AHHH it has been so long since I have posted! BUT for good reason, very, very good reason! I had guest in town this past weekend and I have been studying my face off for an upcoming exam! I wanted to post every night about my weekend and thought about it at the end of the night in a drunken state of mind but quickly realized I was not in the right state of mind to be on my blog.
Needless to say, I made memories this past weekend with my best friend and countless other people that I will never forget. I used to go out OFTEN when I lived in Ohio, so much so that it became a routine for me. People downtown expected to see me out and they expected me to be drunk, it became my identity. One that I was not very proud of. I don’t do that here in Florida, and it is not a name I have made for myself. Maturing is so fun! So having someone I love and care about to turn up and join me in my new home was exciting!
Over the weekend, I had a few encounters and a few random thoughts that I wanted to express but somehow couldn’t find the words in the moment to say them. I knew though that my blog would be the best place to share them. So I will start tonight, with one of those thoughts.
One of these thoughts was how much I never realized how we as women see ourselves. We want to have the best curves and the all the desired attributes that we see on social media and in the gym but we never take time to appreciate where we are and how far we have come.

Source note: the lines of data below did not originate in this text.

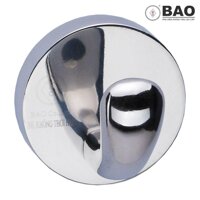 Móc áo chiếc gắn trên tường BAO - BN1050 (Inox 304)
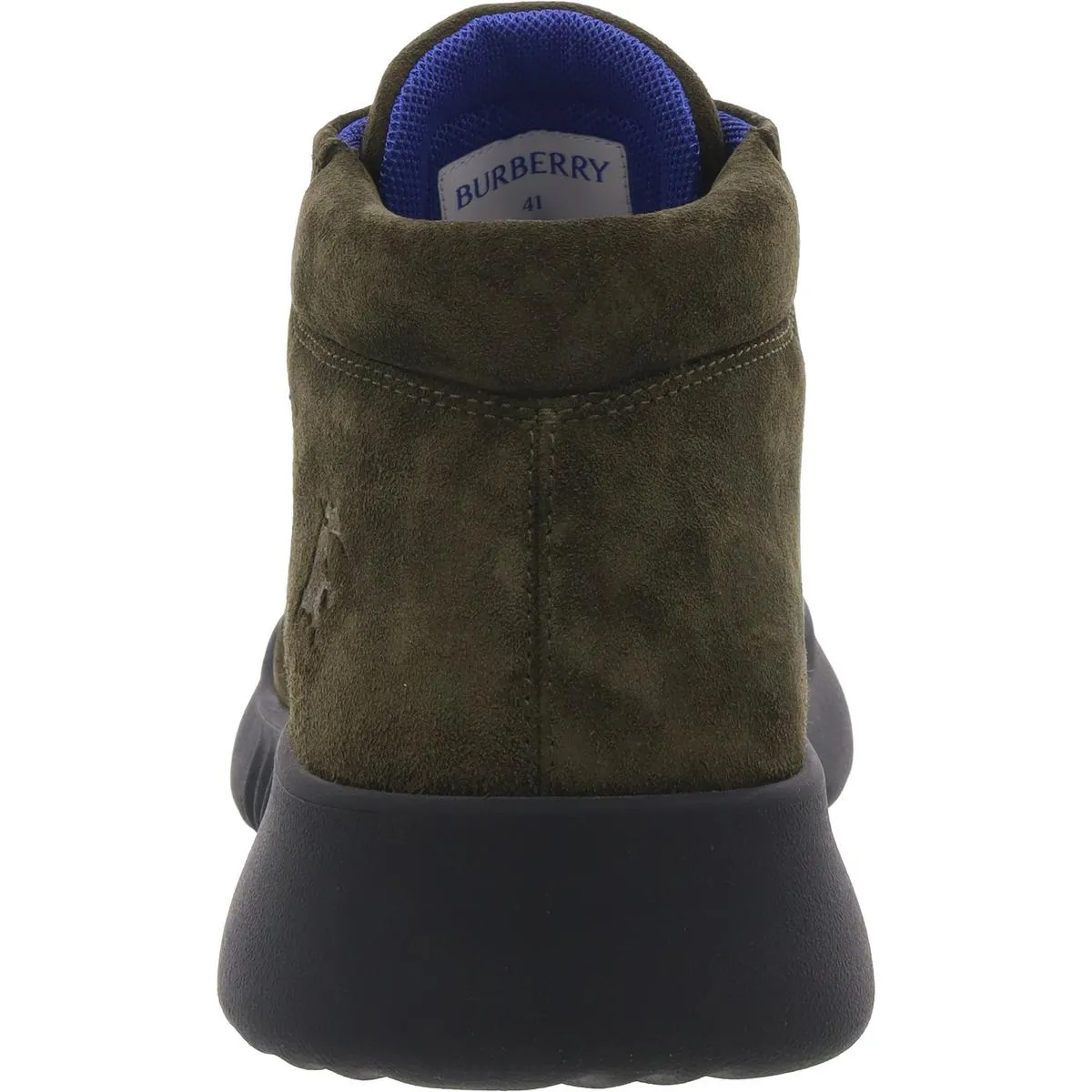 Mens Lace-Up Suede Chukka Boots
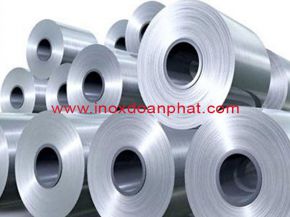 316/316L stainless steel coils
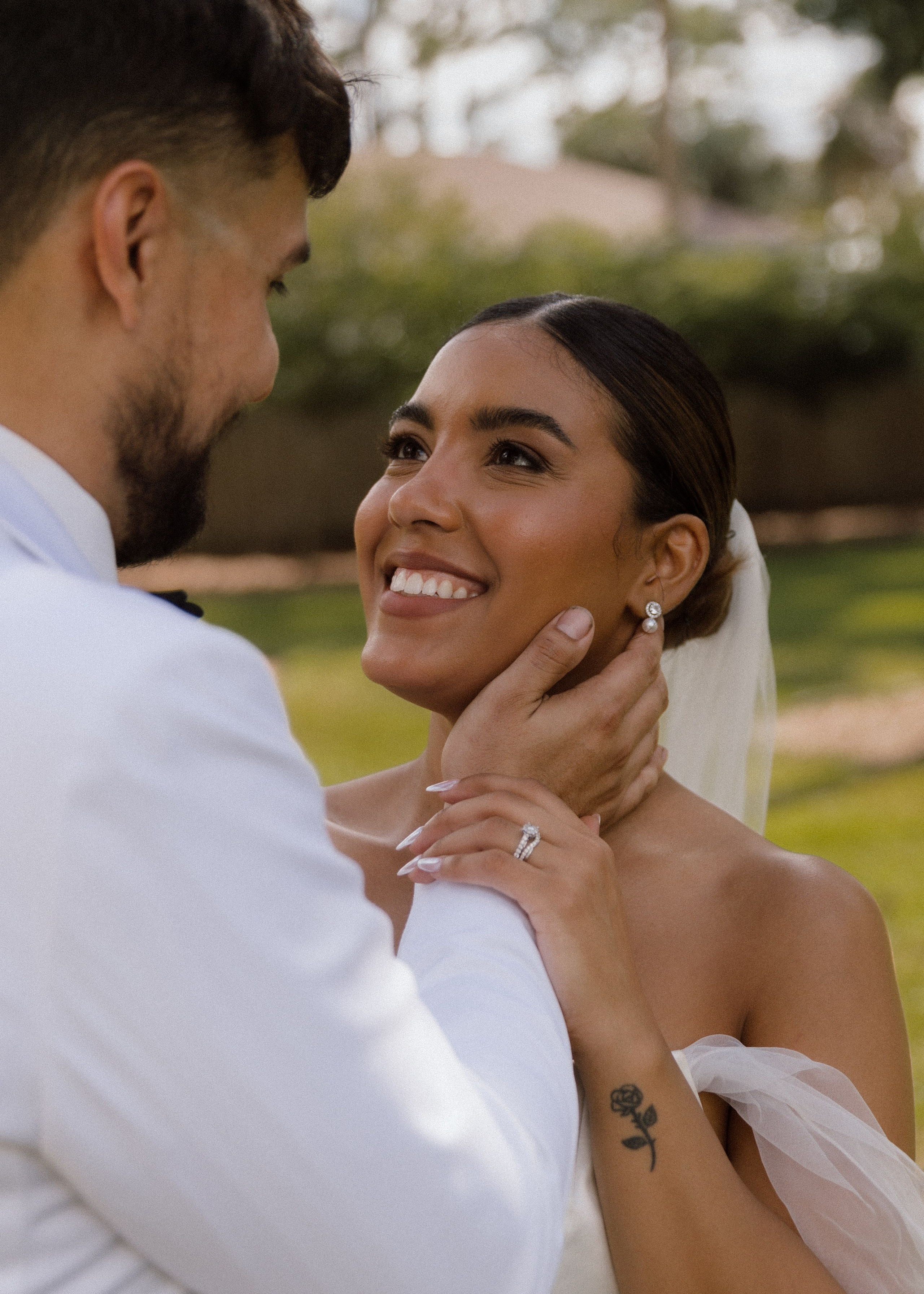 Melissa & Gabe. Portrait and couples photographer in Florida, Valeriia Honcharova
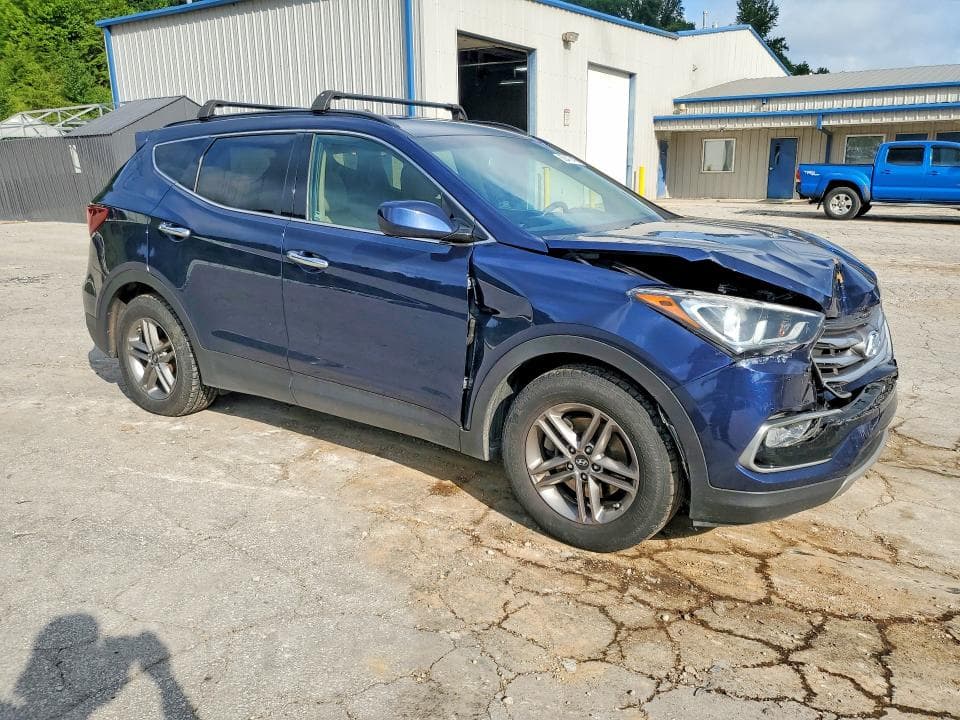 2017 HYUNDAI SANTA FE SPORT 2.4L 4
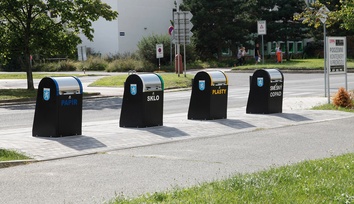 Mladá Boleslav – ul. Jana Palacha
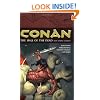 Conan Volume 4: The Halls of the Dead and Other Stories
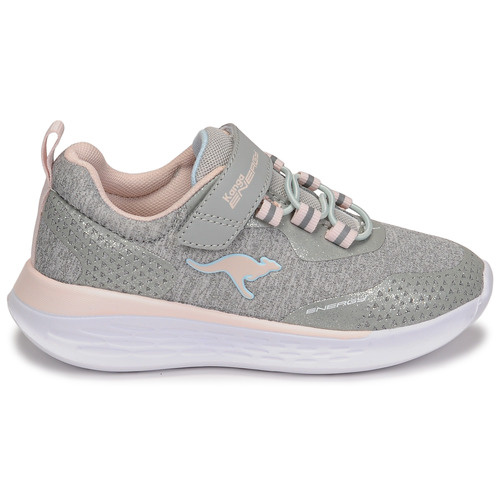 Kangaroos - KQ-FLEET EV - Gris / Rose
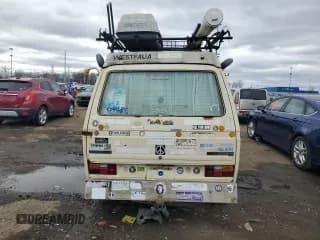 ✅ 1981 Volkswagen Vanagon • VIN: WV2ZA0253BH041404 • Lot: 51156135. Wystawiony na Copart z przebiegiem 153 206 mil. Bezpłatny archiwum sprzedaży aukcyjnych z USA i szczegółowy raport historii pojazdu na DreamBid. Zdjęcie 6.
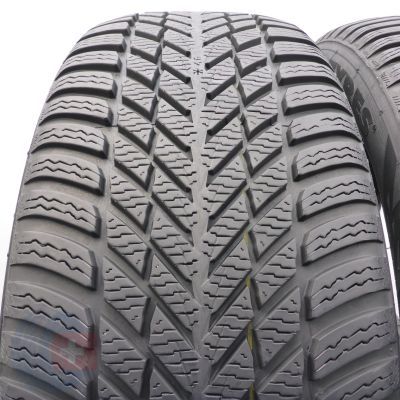2. Opony 215/50 R19 2x NOKIAN 93T Snowproof2 Zimowe 2023 7,2-7,8mm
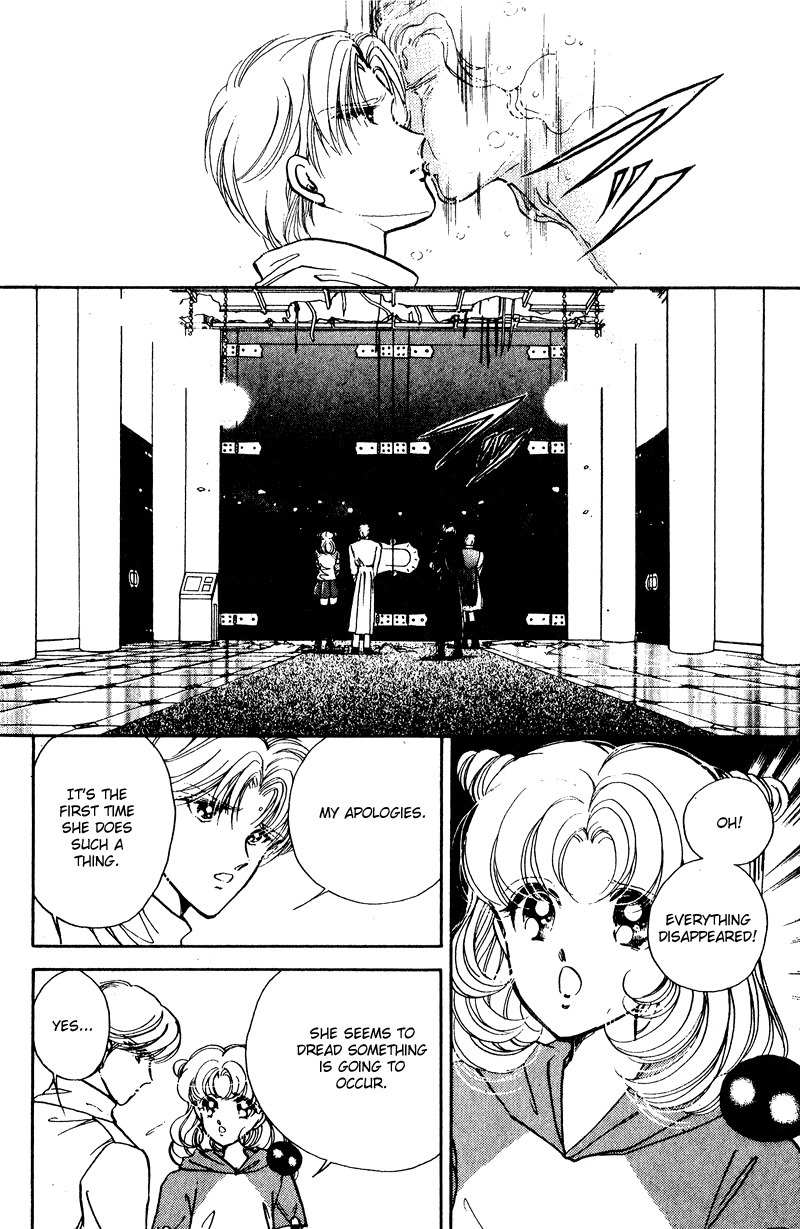 Towa Kamoshirenai Chapter 24 page 36 - Chapter 24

Our bodies take a beating everyday, we are constantly walking, sitting, standing, going into the sun, doing anything and everything but rarely do we tell ourselves,” Hey today you deserve a massage”, or “you know what today its okay to lay around and just do nothing.” We also don’t appreciate ourselves when we are not at our best and that can take away from our happiness in the moment.
Sometimes, we find ourselves not being in the best shape we have ever been in or not hitting the gym as hard as we used to and then we start to discredit our current efforts or our current situation. Such a negative way of looking at things, and if we do try to give ourselves credit, I find sometimes we are comparing ourselves to this “other” person, “well at least I don’t look like this or like that.” And, lets be honest thats not fair either. Why can’t we just be okay with who we are and where we are.
I know all weekend as I was trying to put my body into tight dresses and crop tops I kept talking about my stomach. I have never been happy with my belly and always find a way to bring myself down. I started to think today of ways I could crawl out of this hole of self-misery and really be happy with myself. Lets be honest, if I don’t love my stomach and its current situation how can I be okay with someone else telling me I look fine. People can tell us all day we look okay or that we are fine, but if we don’t believe it then we will forever bring ourselves down.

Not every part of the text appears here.